The initial team was composed of Garriott, Starr Long, Rick Delashmit, Scott Phillips and, a bit later, Raph Koster, who became the lead designer. Koster wrote public "designer letters" and usually went by his nickname of Designer Dragon. Koster drew inspiration from prior online games, such as DartMUD.

The project started in 1995 and was presented to the public at E3 as "Ultima Online: Shattered Legacy" in May 1996. Origin claimed to have more than 3,000 participants in the preliminary alpha testing. The development cost was much greater than for previous, offline computer games; it relied on people accessing servers via modem.
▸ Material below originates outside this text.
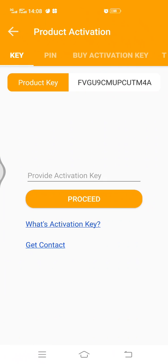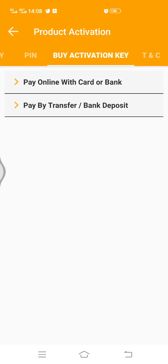To activate, you click on 'Activate.' This is your product key, and this is where you provide your activation key when it has been sent to you — that's after you make payment.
Ultima Online's initial features included persistent player housing, skill-based character progression (without levels or classes), a craft-based and player-driven economy, and unrestricted player-versus-player combat.

An artificial life engine was supposed to be implemented into the game. A preview announced that ecological events in the game would affect animal behavior, potentially creating new adventure possibilities in an organic manner. However, this feature never made it beyond the game's beta stage. Richard Garriott explained:
We thought it was fantastic. We'd spent an enormous amount of time and effort on it. But what happened was all the players went in and just killed everything; so fast that the game couldn't spawn them fast enough to make the simulation even begin. And so, this thing that we'd spent all this time on, literally no-one ever noticed – ever – and we eventually just ripped it out of the game, you know, with some sadness.
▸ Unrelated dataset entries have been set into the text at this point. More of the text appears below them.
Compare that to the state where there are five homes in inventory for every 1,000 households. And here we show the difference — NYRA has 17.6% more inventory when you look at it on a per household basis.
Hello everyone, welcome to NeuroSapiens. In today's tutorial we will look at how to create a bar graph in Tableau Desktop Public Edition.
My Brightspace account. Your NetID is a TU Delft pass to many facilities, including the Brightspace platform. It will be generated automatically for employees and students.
===Beta and assassination of Lord British===
Lord British was Garriott's in-game alter ego, who was killed during an in-game appearance at Ultima Onlines beta test on August 9, 1997. During a server population stress test, a player character known as Rainz cast the "fire field" spell, killing Lord British. Producer Starr Long blamed it on human error: Lord British's character, like others, had been made invulnerable to this kind of attack, but by design, the invulnerability did not persist over several game sessions. When the server crashed shortly before the incident, Garriott forgot to reset his invulnerability status. Shortly after, administrators banned Rainz's account from the beta test for repeatedly exploiting, rather than reporting, bugs. According to Origin, he was not banned for the assassination but rather for prior complaints against his account highlighted by this incident. Beta testers protested Rainz's ban as well as subsequent actions of Long and other developers, during which his in-game character used a command to summon Deamons to indiscriminately kill other characters who observed the assassination. September 23, 1997 was the last day of the original beta test. The beta ended with a bang, as players were treated to an "end of the world" scenario with Shadowlords, demons, and other evil creatures slaughtering every character in sight.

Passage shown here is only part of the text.